Hello everyone!
I am currently utilizing the Analytics Hub (AH) to exchange multiple datasets across several projects. We intend to track the usage of the listings to identify the most frequently used datasets and queries made by users.
After a brief inspection of the users' project log, I discovered that only the new names of linked datasets were referenced in it rather than the original name or some values to AH. In detail, I cannot see any difference between a query made against a normal dataset and a linked one. This could be a problem to do also because they could remove the linked dataset and create a new one with a different name.
Is there a way to retrieve this information?
Good day @DarioTra ,
Welcome to Google Cloud Community!
A linked dataset in Bigquery is a read-only dataset which is a symbolic link to a shared dataset. Subscribers can view the data but cannot update or add or remove items within it because subscribing to a listing creates a linked dataset in their project rather than a copy of the dataset which means that a subscriber will not have access to your projects dataset but rather when the subscriber subscribes to a listing, a linked dataset is created in the users project, so if they perform their query, it is only available in their project. You can learn more here: https://cloud.google.com/bigquery/docs/analytics-hub-introduction#subscriber_workflow
However, You will be able to see the subscriptions to your listings, you can check this link to learn more: https://cloud.google.com/bigquery/docs/analytics-hub-manage-listings#view_all_subscriptions
Additionally, the Subscribers can't edit the metadata or data in a linked dataset, they can only update the labels and description of the linked datasets, which will not affect the publishers shared dataset and they can't also perform snapshots on the linked dataset which means they can't preserve the contents of the table. You can check this link to learn more: https://cloud.google.com/bigquery/docs/analytics-hub-view-subscribe-listings
https://cloud.google.com/bigquery/docs/analytics-hub-introduction#limitations
Hope this helps!
Hello @kvandres,
Thanks for your answer and the linked documentation!
The advantages and the limitations to use a linked dataset are clear and it is also easy to manage the subscriptions from the UI.

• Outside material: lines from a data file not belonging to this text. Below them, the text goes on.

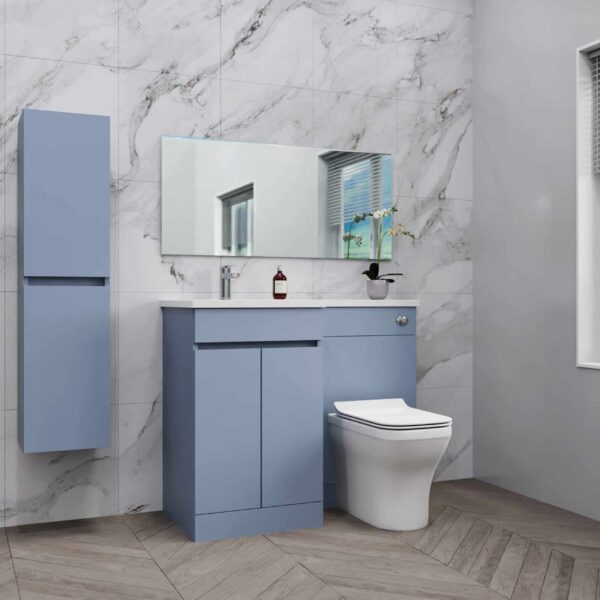 Demin Blue Combination Furniture - L Shape With Tall Unit Option - Image 7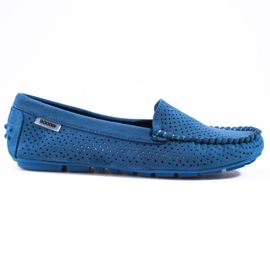 Goodin Mocassini Shelovet in pelle azzurra blu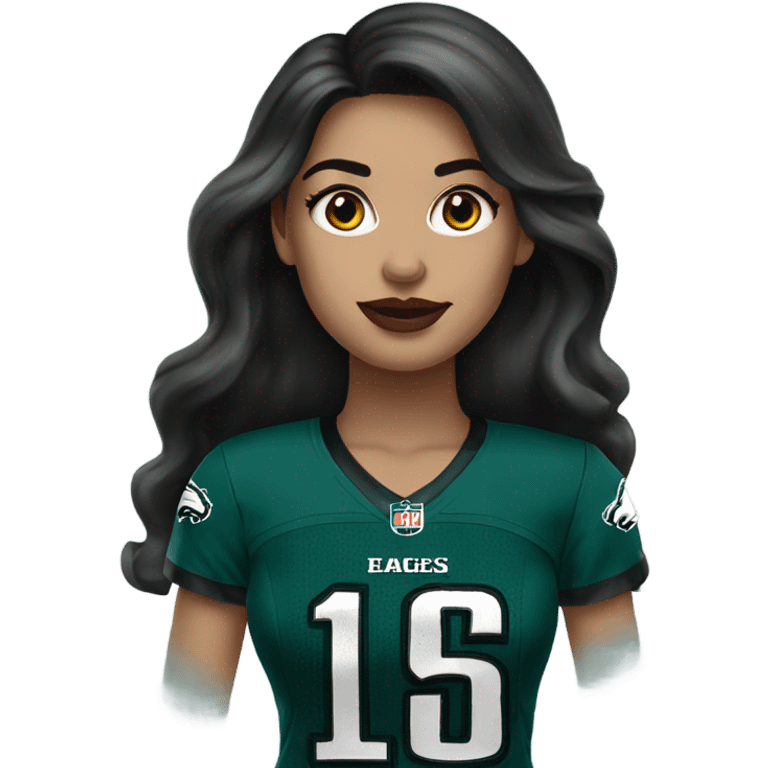 White female long dark hair red lips wearing Philadelphia Eagles jersey emoji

We are already using this type of architecture to share our datasets, but now we would like to retrieve some statistical/audit data about the usage of these datasets. We are interested in these linked datasets and not in the user private dataset.
I was wondering if it could be possible to set a specific filter in the logs to retrieve only the information about the queries done against a linked dataset, without knowing the exact name of the linked dataset but only the listing.